An instance of a derived class is an instance of its base class as well, and can take its place. So we can do something like (notice no pointers involved):
class Base
{
private:
int a;
};
class Derived : public Base
{
private:
int b;
};
Base x;
Derived y;
x = y;
Here, y will be copied to x. During this process, only those parts of Derived which come from Base (i. e. a) will be copied. b will not be copied. This is relevant if it comes to arrays - if we have an array of type Base, we cannot put a full Derived object into it (why not?), even though a Derived "is a" Base as well. So a variable of type x is always an object of type x, and any method executed is from x (this will be relevant when we discuss overloading).
Inheritance can be used to restrict a type for templates. Instead of template <typename T> write template <std::derived_from<MyClass> T> (C++ 20, earlier versions require a different construct). Though this is not needed, we will get errors if a method used is not in the type used.
Inheritance and data accessibility
Similar to other OO languages, attributes and methods can have different access levels. In C++, there are (only) three of them:
- private: visible within the class
- protected: visible within the class and in derived classes
- public: visible within the class, in derived classes, and from the outside
In addition, the inheritance can be public, protected or private:
class Base {
public:
int x;
protected:
int y;
private:
int z;
};
class PublicDerived: public Base {
// x is public
// y is protected
// z is not accessible from PublicDerived
};
class ProtectedDerived: protected Base {
// x is protected
// y is protected
// z is not accessible from ProtectedDerived
};
class PrivateDerived: private Base {
// x is private
// y is private
// z is not accessible from PrivateDerived
};
The inheritance modifier "downgrades" the inherited methods, e.g. if inheritance is protected, all public methods/attributes in the class become protected. Notice private members of the base class are not visible in any case.
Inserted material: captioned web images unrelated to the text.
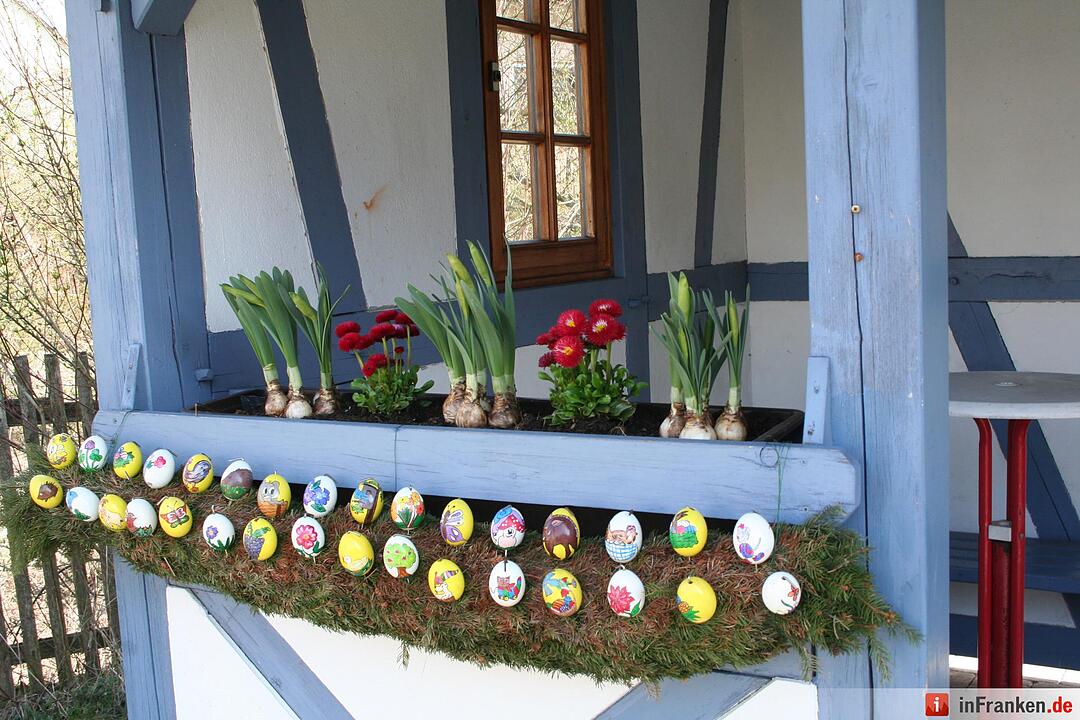 ABO Plus Osterbrunnenfahrt 14.04.2015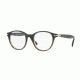 Persol PO3153V Eyeglass Frames 1012-48 - Grey Gradient Green Frame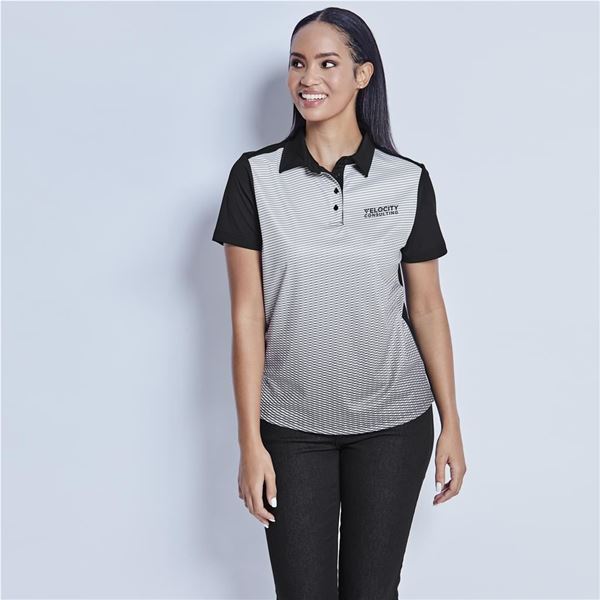 Ladies Masters Golf Shirt, GP-11601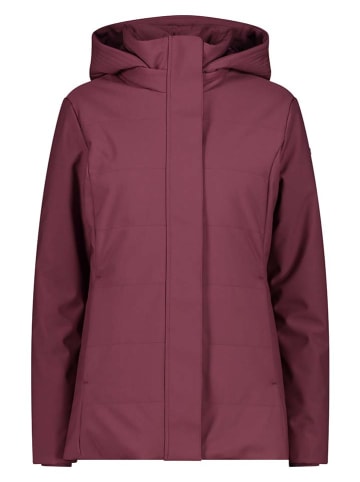 CMP Softshelljacke in Bordeaux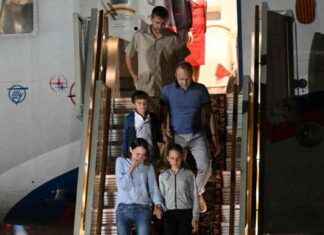 Russian Prisoner Swap: Profiles of Freed Individuals news-02082024-014443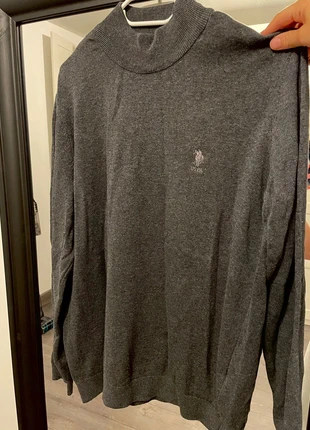 Pull col roulé, brand: U.S. Polo Assn., condition: New without tags, size: XL, €15.00, €16.45 includes Buyer Protection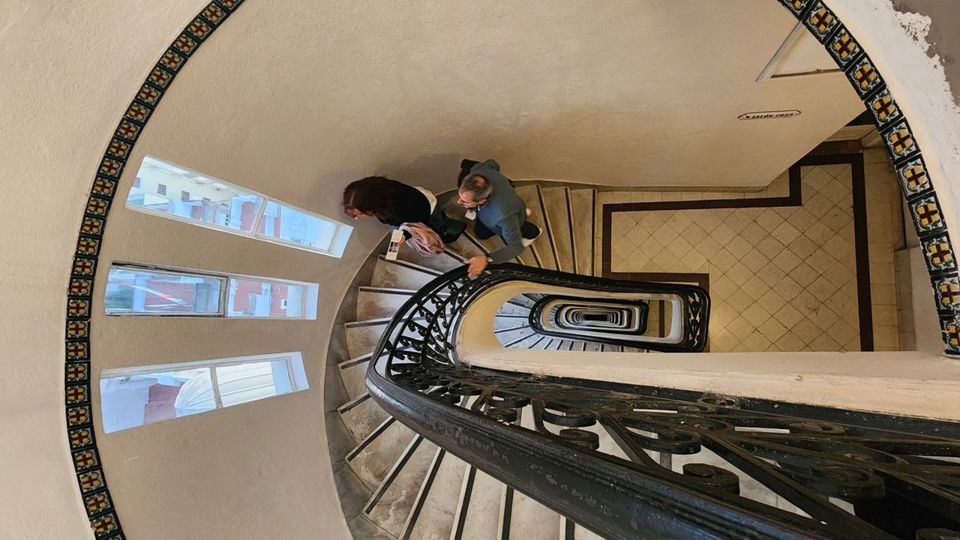 Tour De Tapas No Palácio Barolo foto 7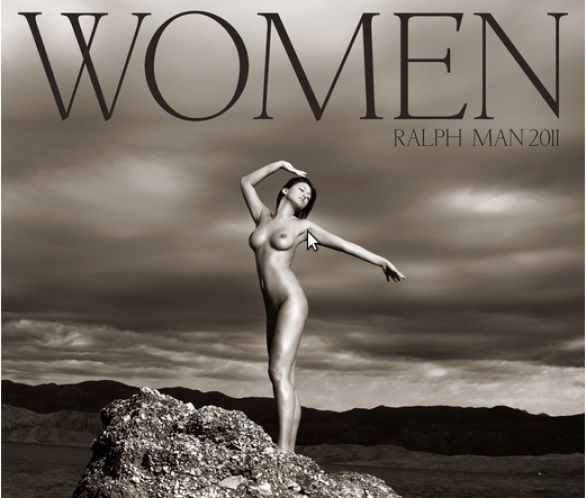 2011 “Women” Calendar by Ralph Man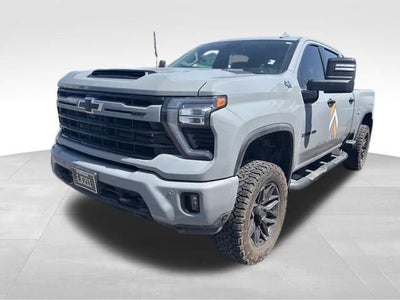 2024 Chevrolet Silverado 2500 HD LTZ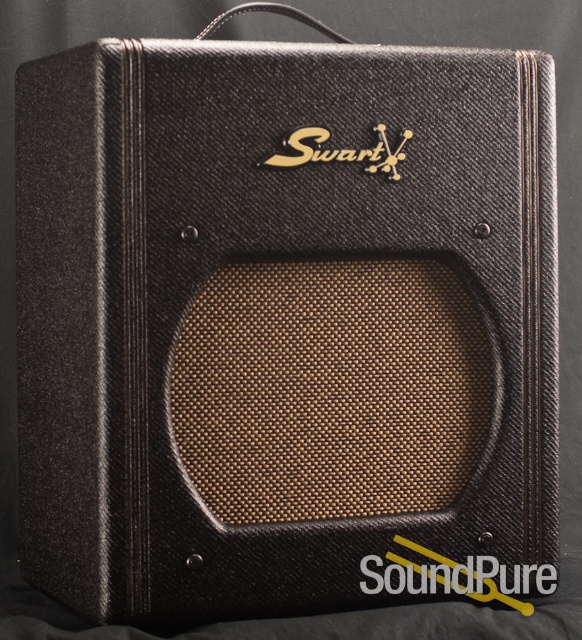 Swart AST Pro Gold 30W 1x12 Combo Guitar Amp — image 7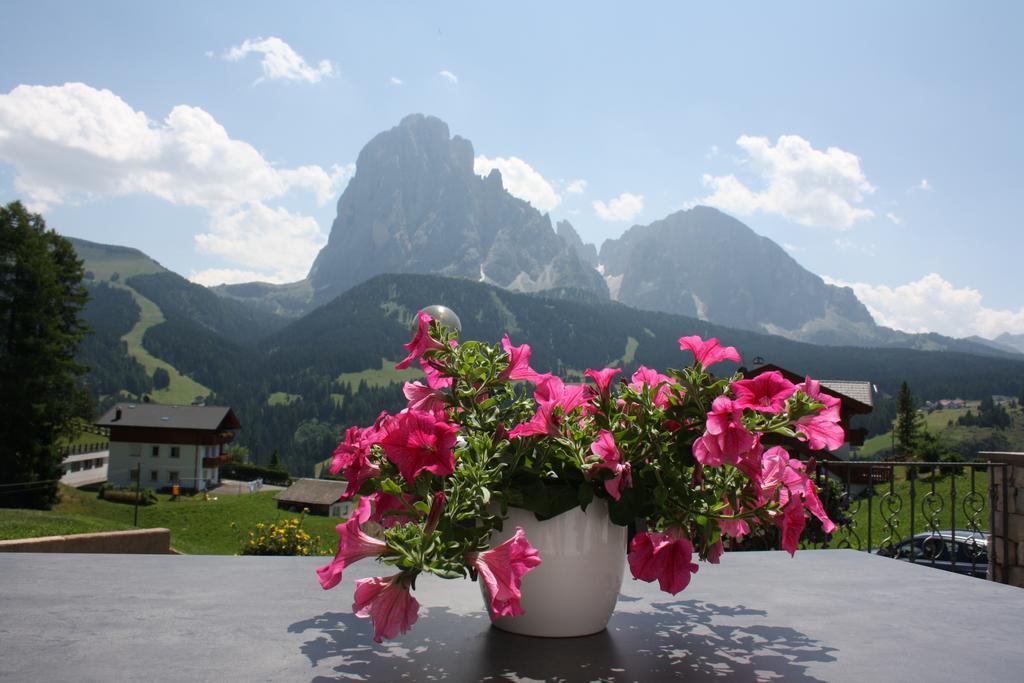 Apartments La Mana Santa Cristina Val Gardena 外观 照片
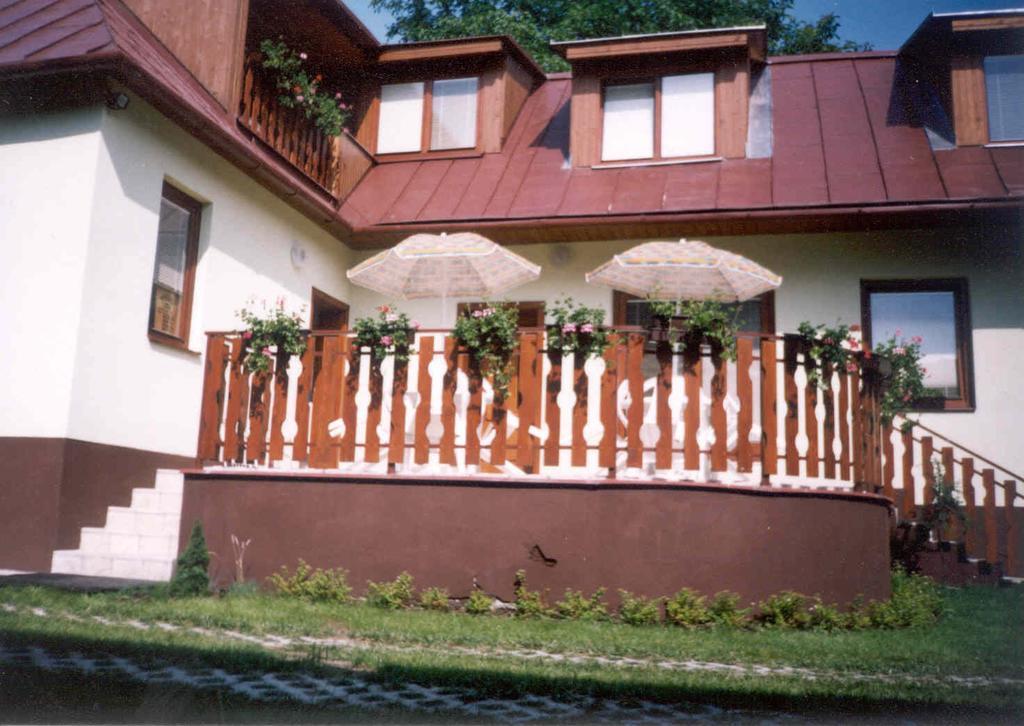 Chalupa Luka Terchová Extérieur photo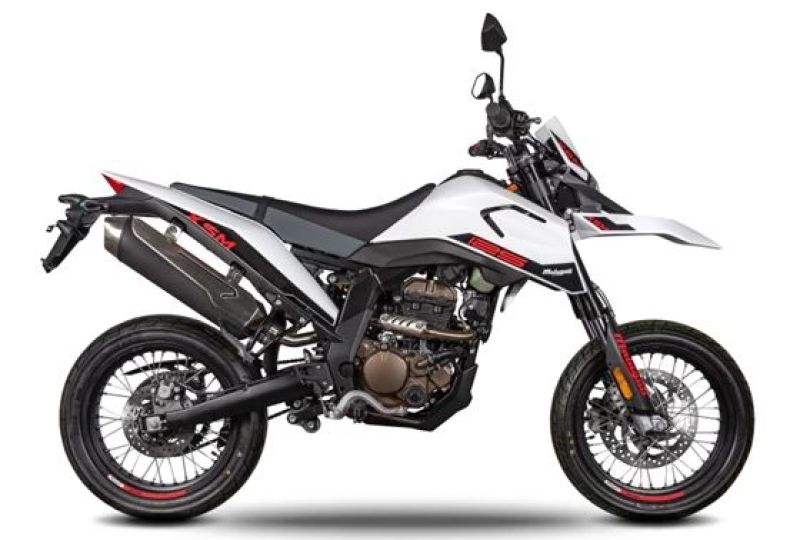 Malguti XSM 125 ABS Supermotard, CHF 3.990,00, Camorino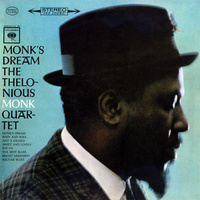 Thelonious Monk Quartet - Monk's Dream - 180g Vinyl LP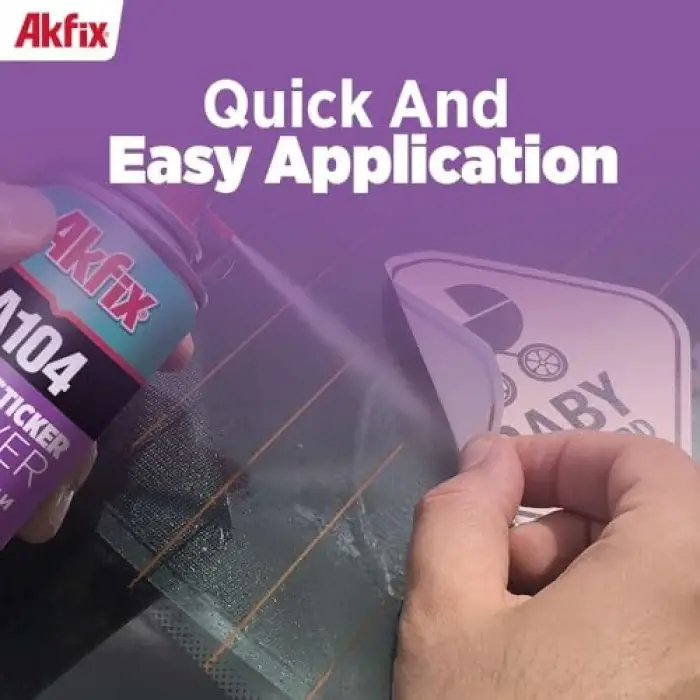A104 Etiket Sökücü Sprey 200 ml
A class can be declared a friend. This means it can access privte and protected members. This has to happen in the class whose methods are to be accesses: If A declares B a friend, B can access A, not the other way round. There can also be friend functions. Those functions can be injected from the outside:
#include <iostream>
using namespace std;
class Distance {
private:
int meter;
// friend function
friend int addFive(Distance);
public:
Distance() : meter(0) {}
};
// friend function definition
int addFive(Distance d) {
//accessing private members from the friend function
d.meter += 5;
return d.meter;
}
int main() {
Distance D;
cout << "Distance: " << addFive(D);
return 0;
}
Overloading and overriding
We have seen that it is possible to have several methods with the same name, but different parameter lists. This is referred to as overloading. In C++, overloading does not work as a standard with inheritance:
#include <iostream>
using namespace std;
class Base
{
public:
int f(int i)
{
cout << "f(int): ";
return i+3;
}
};
class Derived : public Base
{
public:
double f(double d)
{
cout << "f(double): ";
return d+3.3;
}
};
int main()
{
Derived* dp = new Derived;
cout << dp->f(3) << '\n';
cout << dp->f(3.3) << '\n';
delete dp;
return 0;
}
Here, both calls to f will call the function f(double), even though f(int) is public. If you want to have the base class method visible in Derived, you need:
class Derived : public Base
{
public:
using Base::func;
double f(double d)
{
cout << "f(double): ";
return d+3.3;
}
};
There is also overriding of methods, which means that a class re-implements a method from the base class:
#include <iostream>
using namespace std;
class Base {
public:
void print() {
cout << "Base Function" << endl;
}
};
class Derived : public Base {
public:
void print() {
cout << "Derived Function" << endl;
}
};
int main() {
Derived derived1;
derived1.print();
Base base1;
base1.print();
return 0;
}
Notice the two print methods have the same name and parameters (none here), otherwise it is not overriding. Here, the first call to print will use the implementation from Derived, the second that from Base.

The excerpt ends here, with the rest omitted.